Abstract Brain metastases represent a critical complication of breast cancer, with a significant impact on patient prognosis. Understanding the variations in incidence and mortality across molecular subtypes, races, and age groups is crucial to enhance risk stratification and guide resource allocation. Identifying these trends can inform treatment and prognostication efforts. Utilizing the Surveillance, Epidemiology, and End Results 17 database, this study examined trends in synchronous breast cancer brain metastasis (BCBM) incidence and mortality from 2010-2020. The National Cancer Institute’s Joinpoint Regression Program was employed to estimate annual percent changes (APCs).

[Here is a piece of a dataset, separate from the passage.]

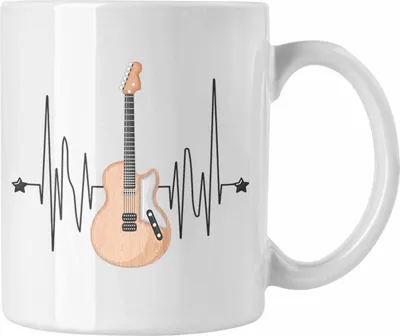 Produktbild von Trendation - Herzschlag Tasse Geschenk Gitarre Geschenkidee für Gitarrenspieler Kaffee-Becher (Weiß)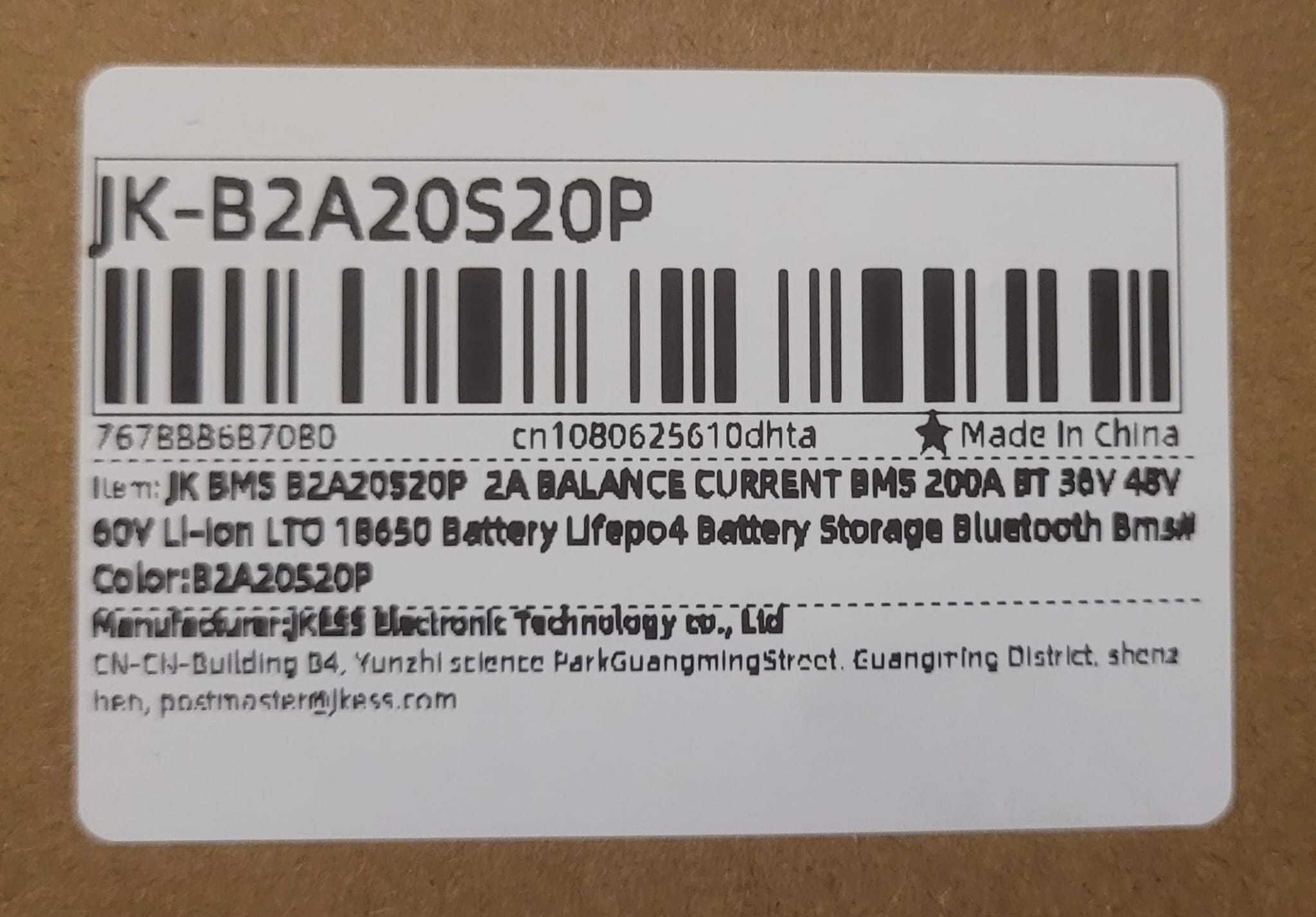 BMS 350/200 - JK B2A20S20P + BONUS - na 8-20/24 ogniw, 2A balans,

Results were considered significant if the 95% confidence interval excluded zero, and trends were identified using JoinPoint software to delineate variations across demographic and molecular distinctions. There was a significant overall increase in BCBM incidence (APC=2.3%) between 2010-2020. Analysis by hormone receptor (HR) and human epidermal growth factor receptor 2 (HER2) status revealed incidence increases across all four subtypes, with Non-White patients experiencing a significant decrease in BCBM incidence in HR-/HER2+ tumors (APC=-7.7%). After accounting for observation-time bias, mortality rates demonstrated statistically significant upward trends overall (APC=4.0%) and across several biomarker groups, particularly HR+/HER2+ (APC=7.3%), HR-/HER2+ (APC=5.6%), and HR+/HER2- (APC=4.4%). While the increase in HR-/HER2- was more modest (APC=2.7%), it contributes to the evolving landscape of BCBM mortality. Disparities in mortality rates were also pronounced among age and racial groups within these individual subtypes. Representing the largest population-based study to evaluate trends in BCBM incidence and mortality, our analysis uncovers varying patterns across molecular subtypes, age, and race. These disparities suggest underlying biological differences and inherent healthcare barriers, highlighting the urgent need for targeted interventions in at-risk populations. Our findings lay crucial groundwork for further research into these disparities and tailored clinical and policy measures to improve BCBM outcomes.